Only a few minutes after the restart, Edinburgh had an attacking platform in the Newcastle half and the opportunity for points. Running onto a Watson pass, Pyrgos chipped over the on-rushing defence for James Johnstone to score under the posts for a 8-13 lead.
The second and decisive try for Edinburgh came in the final ten minutes when Pyrgos threw an outrageous pass from the base of the ruck to James Johnstone. He passed it out to the flying Kinghorn, who made an inch-perfect flat pass for Van der Merwe to run onto and round the Newcastle defenders for the try. Although unconverted, the previous penalty gave them a comfortable margin of victory the home side were unable to overcome.
Although a bonus point try would have been an incredible achievement, that aim was no where near Cockerill’s sights, who only had eyes for the win.
Edinburgh have Toulon away next, where a famous replication of Newcastle’s own victory there would cement their place in the quarter finals. Although Edinburgh have two bites at the cherry, Cockerill would love to secure qualification with a famous win. One more win in Europe would see Edinburgh surpass any expectation that was laid upon them for the European season.
9 responses
Would be good to have your view on who was man of the match. I would need to watch the match back again to make my pick but from memory pinball was the top man.
I’d be OK with that, but I thought Darcy Graham was great. If he played for Warriors he’d have 30 professional tries by now, such is the support play.
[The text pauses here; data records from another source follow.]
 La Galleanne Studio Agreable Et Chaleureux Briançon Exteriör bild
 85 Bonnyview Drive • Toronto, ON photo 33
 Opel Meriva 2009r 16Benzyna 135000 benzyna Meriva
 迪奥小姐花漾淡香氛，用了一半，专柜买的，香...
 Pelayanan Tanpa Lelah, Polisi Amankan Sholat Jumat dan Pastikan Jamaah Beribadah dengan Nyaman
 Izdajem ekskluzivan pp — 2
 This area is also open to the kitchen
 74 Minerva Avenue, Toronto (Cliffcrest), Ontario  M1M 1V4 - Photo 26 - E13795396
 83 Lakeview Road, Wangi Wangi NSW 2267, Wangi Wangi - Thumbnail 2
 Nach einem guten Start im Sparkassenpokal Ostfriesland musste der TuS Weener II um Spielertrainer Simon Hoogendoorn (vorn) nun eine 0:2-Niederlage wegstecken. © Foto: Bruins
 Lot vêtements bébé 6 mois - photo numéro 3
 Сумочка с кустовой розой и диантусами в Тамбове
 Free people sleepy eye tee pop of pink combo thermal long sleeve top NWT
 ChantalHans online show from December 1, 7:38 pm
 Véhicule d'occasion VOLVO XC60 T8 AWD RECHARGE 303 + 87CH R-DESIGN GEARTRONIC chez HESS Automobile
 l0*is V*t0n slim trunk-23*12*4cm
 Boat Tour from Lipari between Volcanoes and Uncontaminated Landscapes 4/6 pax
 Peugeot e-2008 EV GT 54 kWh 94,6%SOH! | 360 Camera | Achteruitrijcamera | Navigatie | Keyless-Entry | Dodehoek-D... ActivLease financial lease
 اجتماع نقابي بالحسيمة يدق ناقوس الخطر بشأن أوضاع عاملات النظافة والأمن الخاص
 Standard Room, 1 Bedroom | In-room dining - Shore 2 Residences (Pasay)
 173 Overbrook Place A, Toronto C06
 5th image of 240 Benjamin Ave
Nel was pretty good, too, as was Hamilton.
Not sure Graham would be getting enough game time at Glasgow to get 30 tries.
I thought Pyrgos had a very good game, controlled it well and involved in the key moments. I’ve never been a fan of his, but I was very pleasantly surprised.
The last paragraph is wrong, about what Edinburgh need to progress to the QFs.
Montpellier are on 11 pts and Edinburgh are on 15pts which means that if both teams win in the next round it will come down to the final game, with Montpellier able to surpass Edinburgh with a BP win at Murrayfield.
In actual fact, Edinburgh could lose next week and Montpellier get a BP win, but Edinburgh still qualify by beating Montpellier in the final round. So next week is a free shot – get a better result than Montpellier and happy days. But lose and it doesn’t really matter so long as we do the business at Murrayfield.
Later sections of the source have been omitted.